▶ **Task to carry out**:
Return the listing exactly. Keep no pictures.
■ ■ ■ ■
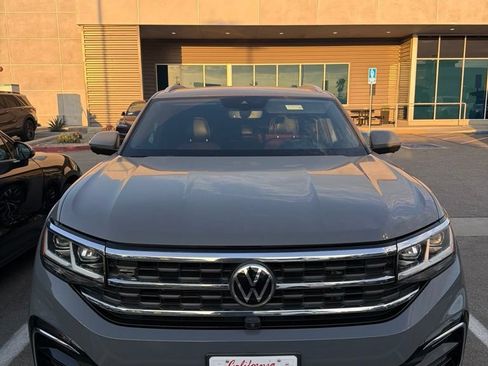 Used 2022 Volkswagen Atlas Cross Sport SEL Premium R-Line AWD/4WD image 4
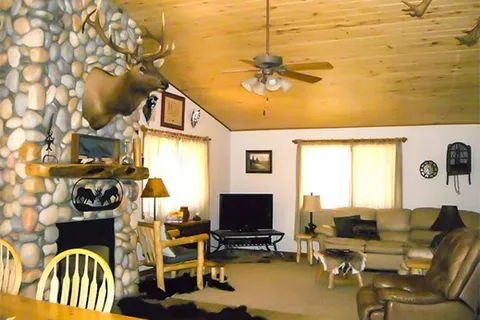 Mountain Landing Suites and RV Park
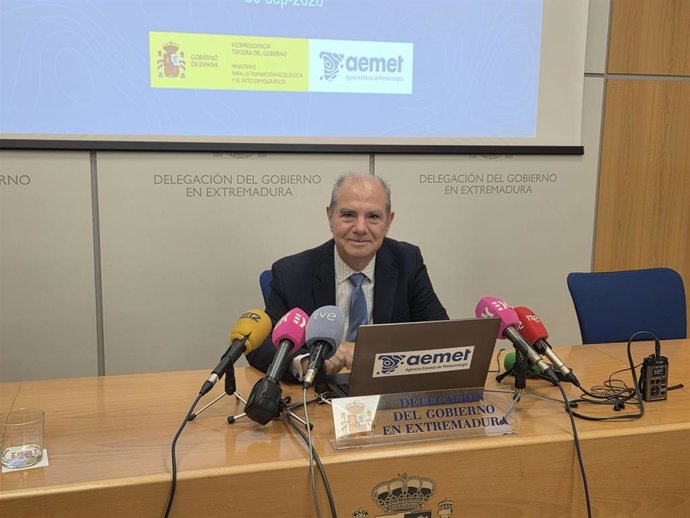 El delegado territorial de la Aemet en Extremadura, Marcelino Núñez, presenta el balance climático del verano y las previsiones para el otoño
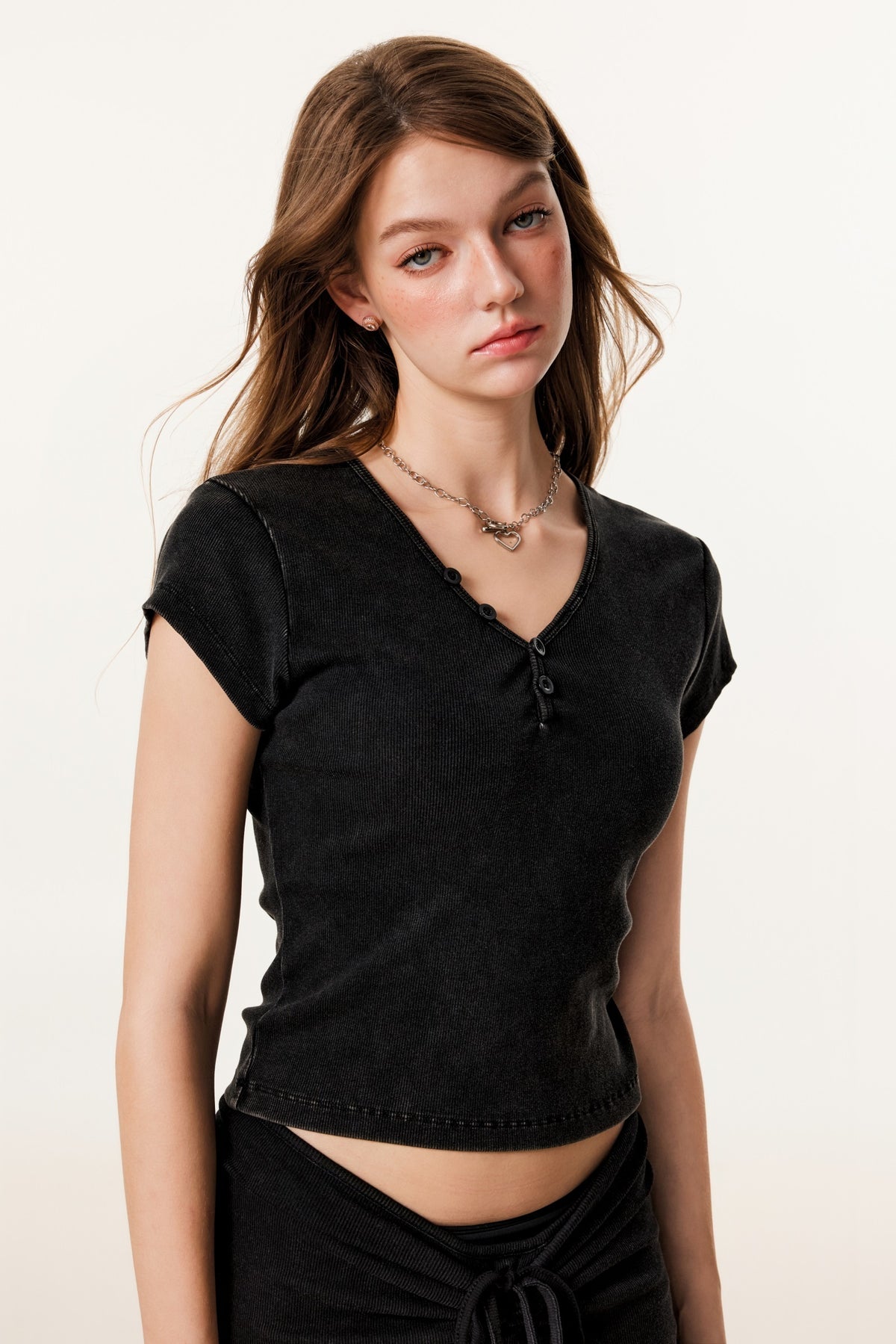 275GSM Women’s V-Neck Ski-Inspired Distressed-Wash T-shirt Snow wash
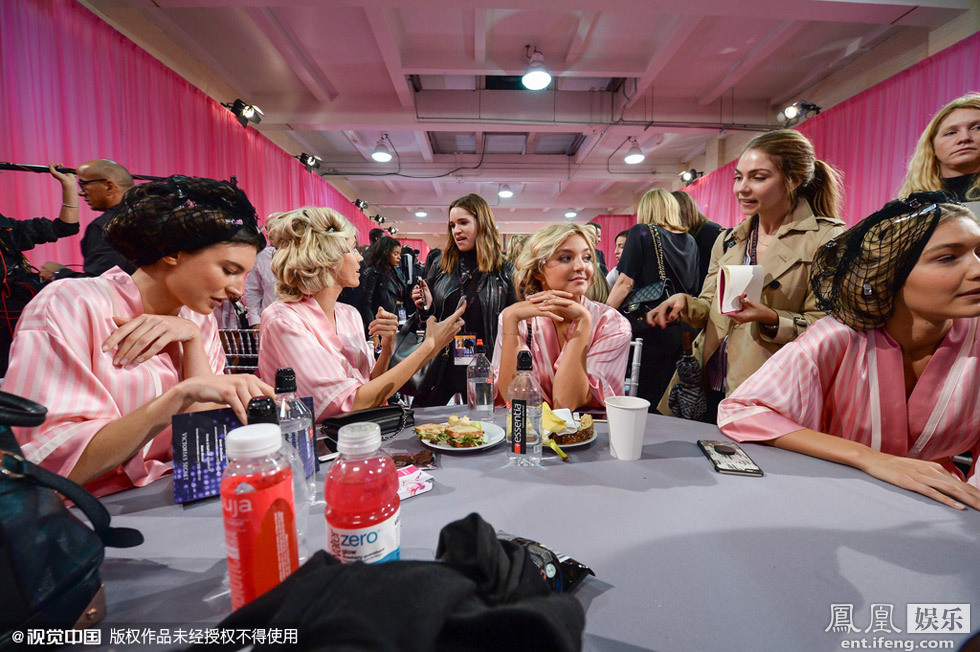 2015年维密内衣秀 模特后台演绎粉色浪漫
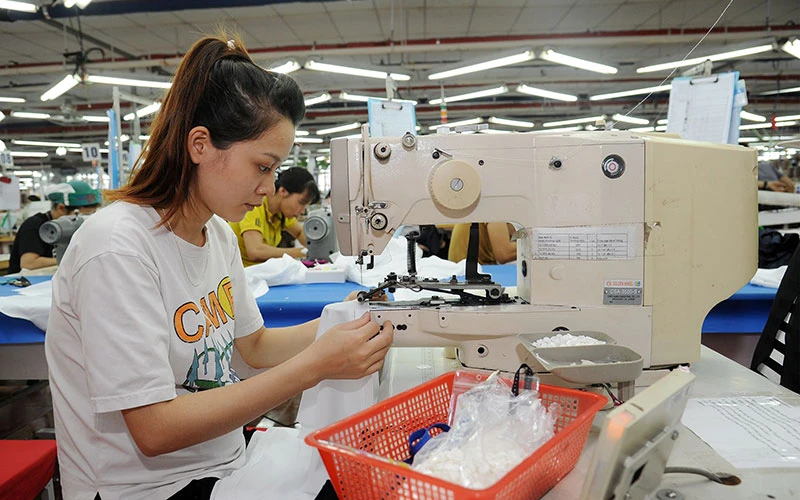 May áo xuất khẩu ở Công ty cổ phần Tổng công ty May Bắc Giang. (Ảnh TRẦN HẢI)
■ ■ ■ ■
▶ **Worked solution**:
 Used 2022 Volkswagen Atlas Cross Sport SEL Premium R-Line AWD/4WD image 4
 Mountain Landing Suites and RV Park
 El delegado territorial de la Aemet en Extremadura, Marcelino Núñez, presenta el balance climático del verano y las previsiones para el otoño
 275GSM Women’s V-Neck Ski-Inspired Distressed-Wash T-shirt Snow wash
 2015年维密内衣秀 模特后台演绎粉色浪漫
 May áo xuất khẩu ở Công ty cổ phần Tổng công ty May Bắc Giang. (Ảnh TRẦN HẢI)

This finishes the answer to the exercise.